A complete LLM observability setup lets you answer questions like:

Why did this prompt return garbage output on Tuesday at 3pm?
How many tokens did we burn last week, and on which features?
Is our retrieval step actually finding relevant context, or just noise?
Which user flows are generating the most hallucinations?
Did our prompt change last Wednesday improve or hurt response quality?

Without observability, you're guessing at all of the above.

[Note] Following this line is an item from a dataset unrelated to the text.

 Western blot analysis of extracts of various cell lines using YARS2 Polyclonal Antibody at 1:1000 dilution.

02 — CONTEXTWhy traditional APM fails for LLMs

You might already have Datadog, New Relic, or Prometheus running. They're great tools. They will not help you monitor an LLM application properly. Here's why:

Traditional APM vs LLM Observability

Traditional APM

Deterministic outputs — same input → same output
Binary success/failure (HTTP 200 vs 500)
Performance = speed + uptime
No concept of "output quality"
Traces follow fixed execution paths
No per-request cost tracking needed
Errors are clear (stack traces, exceptions)

LLM Observability

Non-deterministic — same prompt → different outputs
Output can be grammatically correct but factually wrong
Quality = relevance, factual accuracy, coherence
Quality evaluation is a first-class concern
Traces span prompt → retrieval → generation → re-ranking
Token cost per request is critical (it's your AWS bill)
"Silent failures" — plausible-sounding wrong answers

The most dangerous failure mode in LLM production is the silent failure: the model returns a 200 OK with a confident, fluent, completely wrong answer. Your APM sees green. Your users are getting misinformation. You have no idea.

That's the problem LLM observability is built to solve.

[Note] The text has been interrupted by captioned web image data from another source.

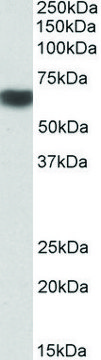 Anti-PRKAA2 antibody produced in goat affinity isolated antibody, buffered aqueous solution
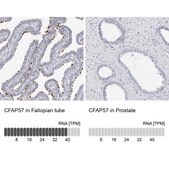 Anti-CFAP57 antibody produced in rabbit Prestige Antibodies® Powered by Atlas Antibodies, affinity isolated antibody, buffered aqueous glycerol solution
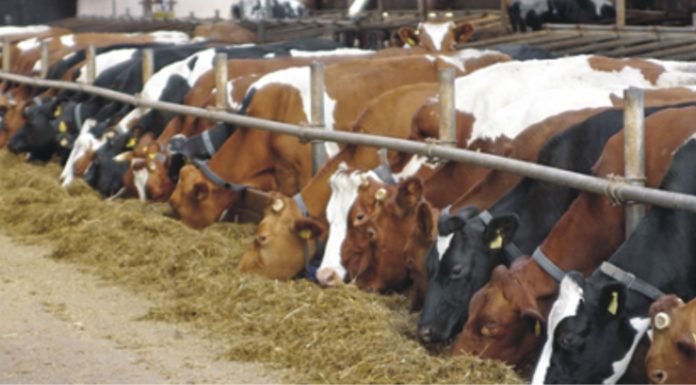 Multitoxins- A Big Challenge for Dairy Industry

03 — IMPORTANCEWhy LLM observability matters in 2026

0 % of LLM failures are silent¹

0 % avg cost reduction with token tracking

0 × faster MTTR with proper traces

Three specific reasons this matters right now:

1. You're paying per token — and it adds up fast

GPT-4o charges ~$5 per million input tokens. Claude Opus is $15. If you're running a RAG pipeline that sends 3,000-token prompts for every user query, and you have 10,000 daily active users, you're burning through tokens fast. Without observability, you have no visibility into which features are expensive, which prompts are bloated, or which retrieval chunks are redundant.

2. Hallucinations don't throw exceptions

When a SQL query fails, you get an error. When an LLM confidently fabricates a legal clause, a medical dosage, or a product spec — you get a 200 OK. The only way to catch this is output evaluation: either automated (LLM-as-judge, assertion checks) or via user feedback signals — both of which require an observability layer to collect and route.

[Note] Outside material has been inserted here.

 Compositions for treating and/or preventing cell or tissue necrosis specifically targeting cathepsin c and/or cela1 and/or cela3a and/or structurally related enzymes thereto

3. LLM apps are increasingly multi-step

A modern RAG agent might do: query rewriting → vector search → reranking → generation → post-processing → tool calls. Any step can fail silently. Without distributed tracing across all those steps, you have no way to know which node in the chain is degrading your quality.

✅

TIP

If you're already logging prompts and responses to a database, you have the raw material for LLM observability. The difference is structure, aggregation, and making that data queryable — which is what proper tooling does.

04 — FUNDAMENTALSThe three pillars: metrics, traces, logs

LLM observability, like traditional observability, rests on three data types. But each has LLM-specific meaning:

Metrics — aggregated numbers over time

Latency percentiles, token consumption per day, error rates, hallucination rate, TTFT (time to first token), user thumbs-up/down ratio. These are your dashboards — the signals that tell you whether the system is healthy at a glance.

Traces — the execution path of a single request

A trace for an LLM request spans every step: input received → prompt constructed → retrieval triggered → chunks fetched → LLM called → response parsed → returned. Traces tell you where time and tokens were spent on a specific request and let you drill into failures.

Logs — raw structured records of events

Every prompt sent, every response received, every retrieved chunk, every tool call. Logs are the ground truth — unsampled, timestamped, filterable. They're what you reach for during incident investigation when metrics tell you something is wrong but not exactly what.

A mature LLM observability setup collects all three and links them: a metric spike points you to a trace, a trace links to the logs of that specific exchange.

⚠️

WARNING

Logging raw prompts and responses raises data privacy and compliance considerations. If users send PII, it ends up in your logs. Make sure you have a redaction or anonymization strategy before you log at full fidelity in production.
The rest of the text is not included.